» Recorded data:
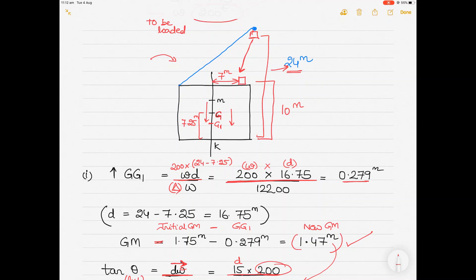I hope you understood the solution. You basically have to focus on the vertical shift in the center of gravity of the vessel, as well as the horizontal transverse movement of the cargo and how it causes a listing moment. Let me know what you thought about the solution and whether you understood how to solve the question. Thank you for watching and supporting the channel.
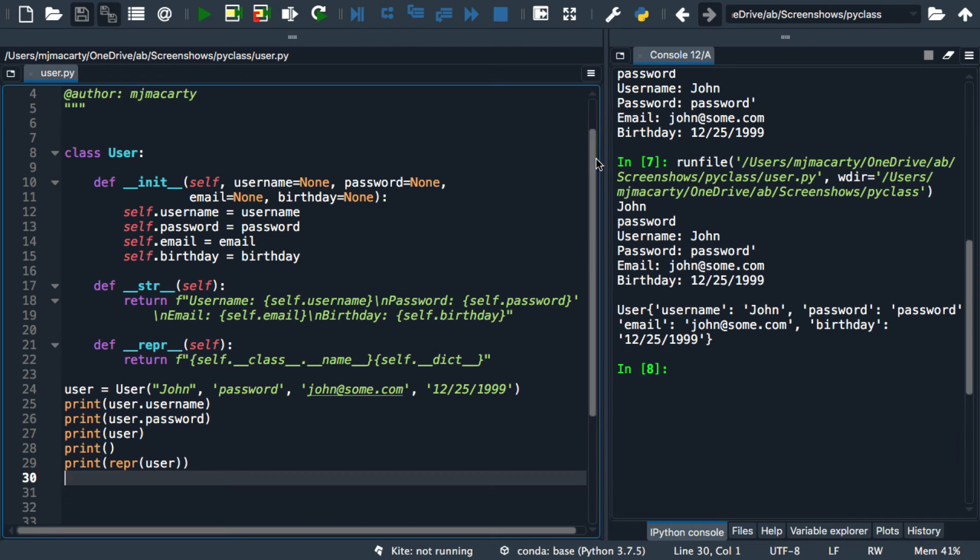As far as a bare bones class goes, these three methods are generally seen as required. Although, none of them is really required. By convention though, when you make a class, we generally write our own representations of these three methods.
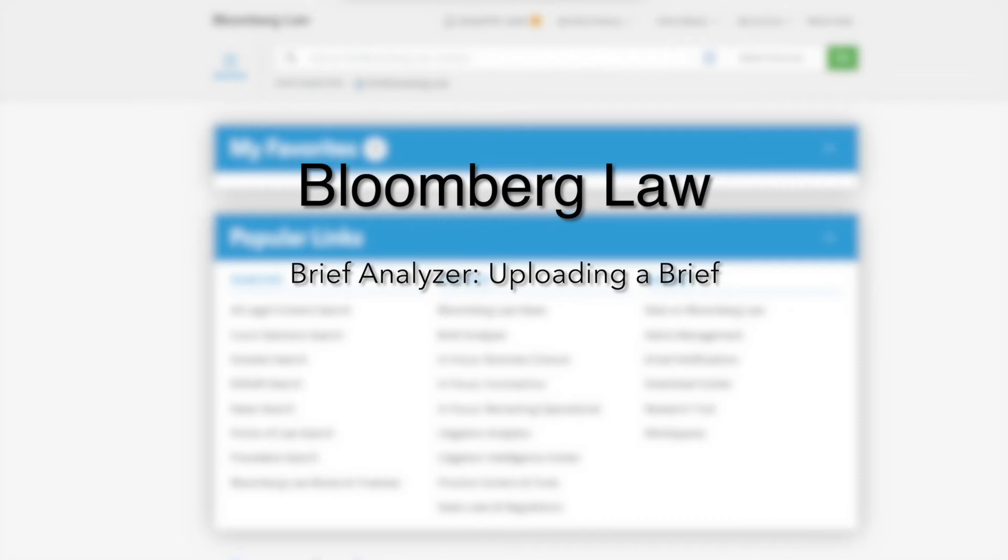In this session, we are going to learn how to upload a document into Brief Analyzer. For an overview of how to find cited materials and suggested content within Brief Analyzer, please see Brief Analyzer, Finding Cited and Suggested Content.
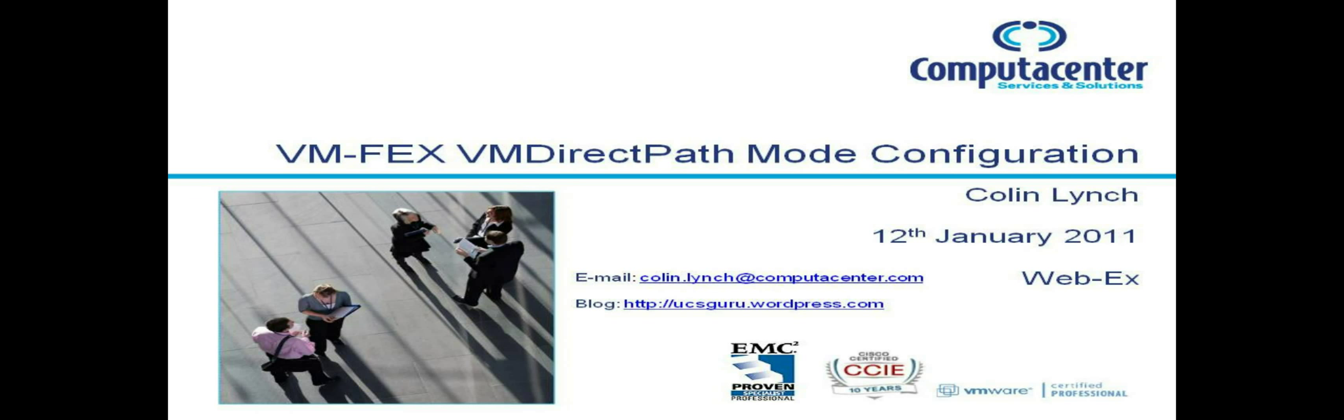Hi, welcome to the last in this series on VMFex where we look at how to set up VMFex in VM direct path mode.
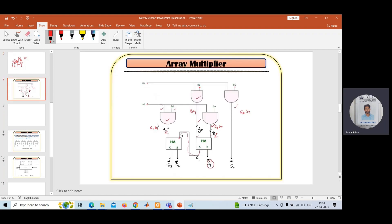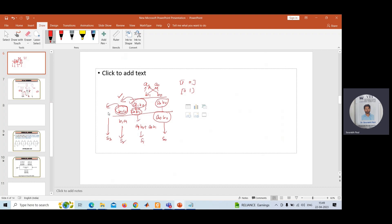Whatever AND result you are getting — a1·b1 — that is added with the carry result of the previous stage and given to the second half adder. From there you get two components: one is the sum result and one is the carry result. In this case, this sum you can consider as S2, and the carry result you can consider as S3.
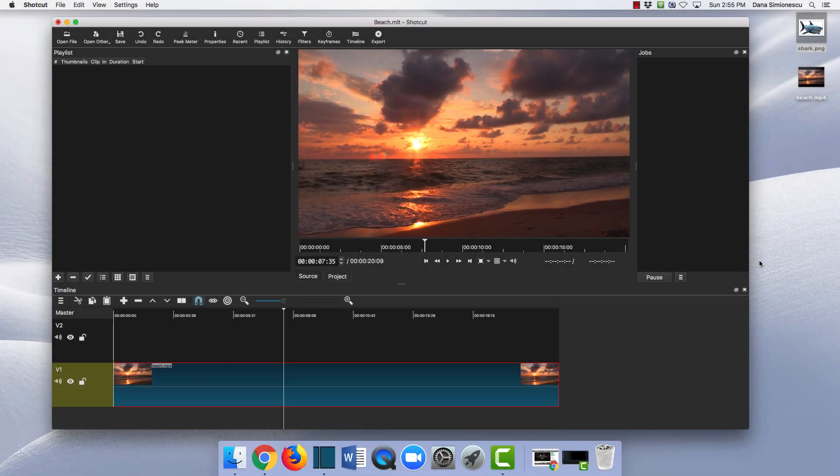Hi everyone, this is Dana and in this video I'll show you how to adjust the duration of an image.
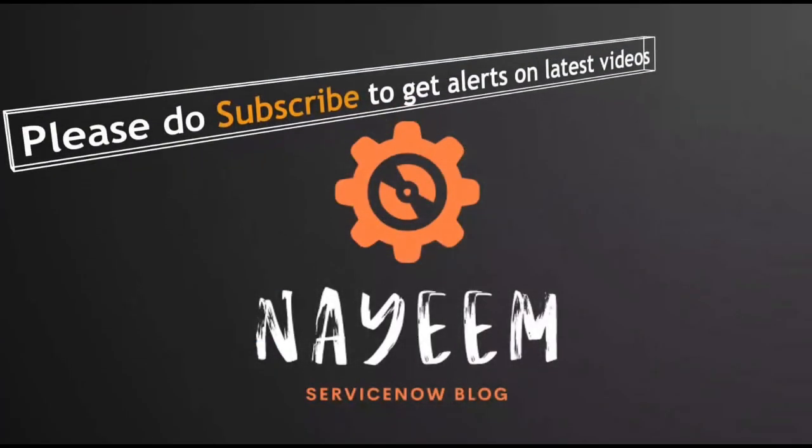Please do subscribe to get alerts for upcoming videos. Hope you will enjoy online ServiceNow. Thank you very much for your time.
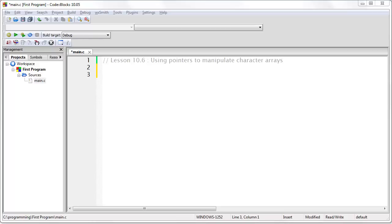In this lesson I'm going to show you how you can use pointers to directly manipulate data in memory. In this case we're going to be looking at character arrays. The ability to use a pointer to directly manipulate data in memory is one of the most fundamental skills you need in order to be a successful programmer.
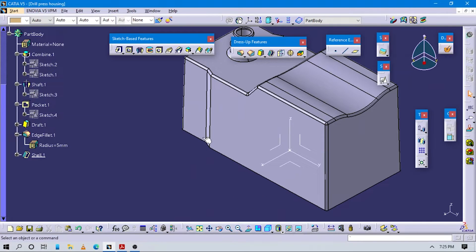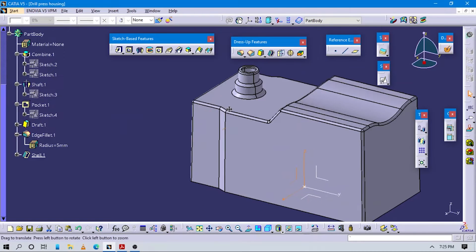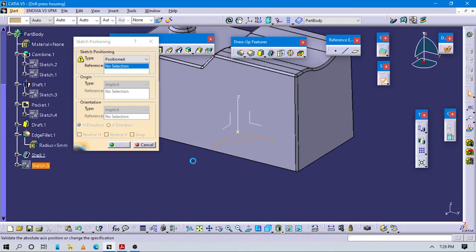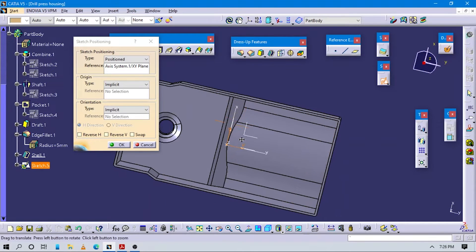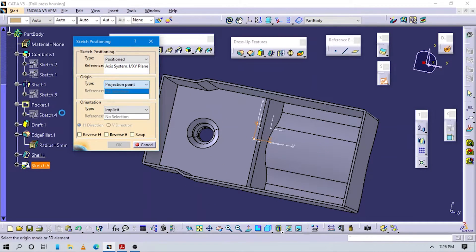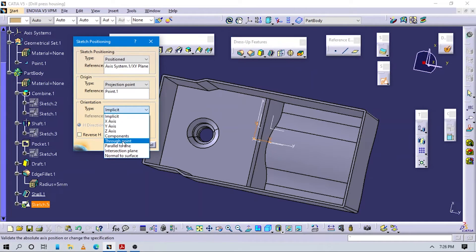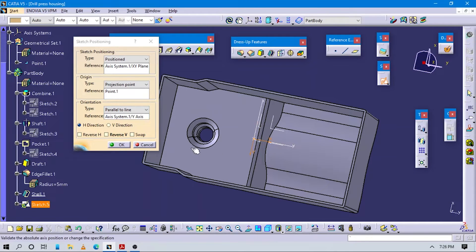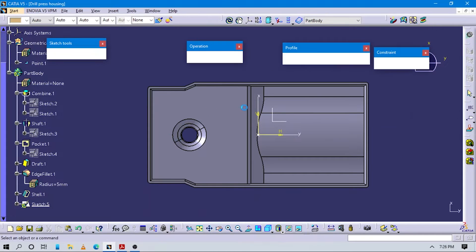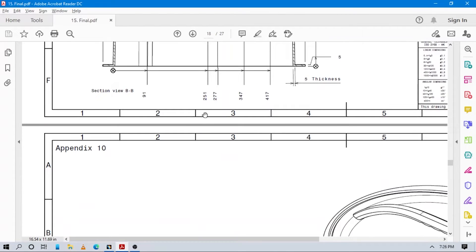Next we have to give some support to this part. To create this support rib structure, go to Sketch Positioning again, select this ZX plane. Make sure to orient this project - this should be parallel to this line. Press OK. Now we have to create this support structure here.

» About this task:
Write out only the lines from the one that contains "In this session, we" through the last line of the records above, both included, word for word and without the pictures.

» Solved problem:
In this session, we are going to learn how to upload a document into Brief Analyzer. For an overview of how to find cited materials and suggested content within Brief Analyzer, please see Brief Analyzer, Finding Cited and Suggested Content.
Hi, welcome to the last in this series on VMFex where we look at how to set up VMFex in VM direct path mode.
Whatever AND result you are getting — a1·b1 — that is added with the carry result of the previous stage and given to the second half adder. From there you get two components: one is the sum result and one is the carry result. In this case, this sum you can consider as S2, and the carry result you can consider as S3.
Hi everyone, this is Dana and in this video I'll show you how to adjust the duration of an image.
Please do subscribe to get alerts for upcoming videos. Hope you will enjoy online ServiceNow. Thank you very much for your time.
In this lesson I'm going to show you how you can use pointers to directly manipulate data in memory. In this case we're going to be looking at character arrays. The ability to use a pointer to directly manipulate data in memory is one of the most fundamental skills you need in order to be a successful programmer.
Next we have to give some support to this part. To create this support rib structure, go to Sketch Positioning again, select this ZX plane. Make sure to orient this project - this should be parallel to this line. Press OK. Now we have to create this support structure here.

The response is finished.